(Exercise materials)
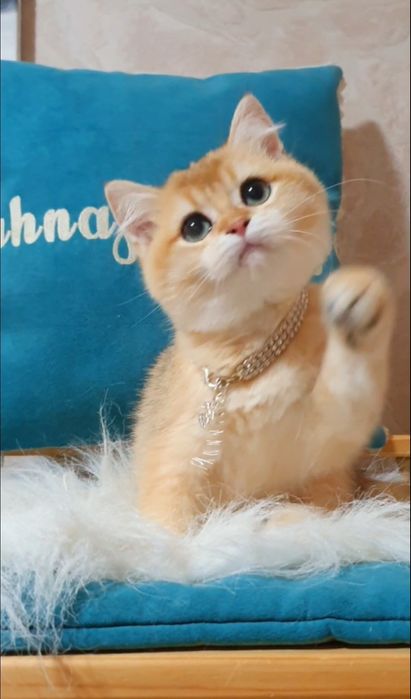 Золотая британская шиншилла ny12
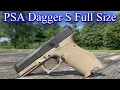 Palmetto State Armory Dagger S Full Size Frame - First Shots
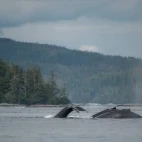 Humpback whales around Vancouver Island, British Columbia.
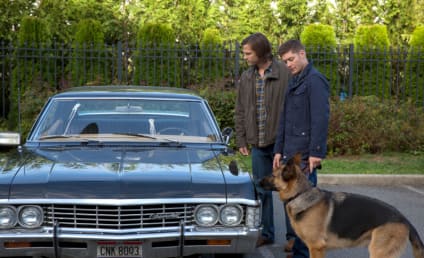 Supernatural Review: Scooby Dean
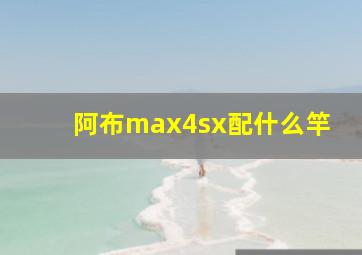 阿布max4sx配什么竿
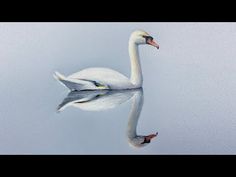 a white swan floating on top of water with its reflection in it's body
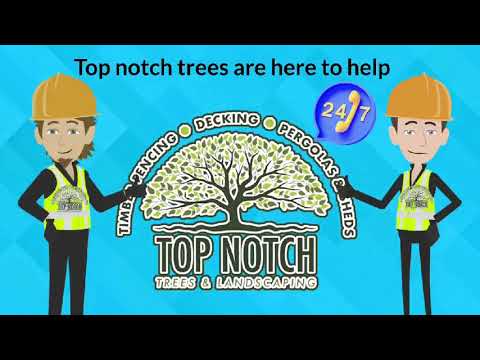 Top notch trees & landscaping video.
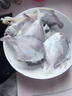 鲳鱼 特大银鲳鱼新鲜冷冻白鲳鱼大小昌鱼海鲜青岛平鱼 【顺丰】3斤银鲳鱼 每斤6-8条 实拍图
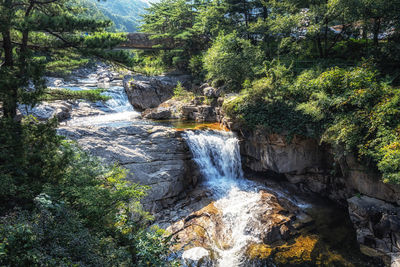 Scenic view of waterfall in forest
(End Exercise materials)
Problem to solve: Return the listing verbatim; pictures are not part of the copy.

Completed exercise:
 Золотая британская шиншилла ny12
 Palmetto State Armory Dagger S Full Size Frame - First Shots
 Humpback whales around Vancouver Island, British Columbia.
 Supernatural Review: Scooby Dean
 阿布max4sx配什么竿
 a white swan floating on top of water with its reflection in it's body
 Top notch trees & landscaping video.
 鲳鱼 特大银鲳鱼新鲜冷冻白鲳鱼大小昌鱼海鲜青岛平鱼 【顺丰】3斤银鲳鱼 每斤6-8条 实拍图
 Scenic view of waterfall in forest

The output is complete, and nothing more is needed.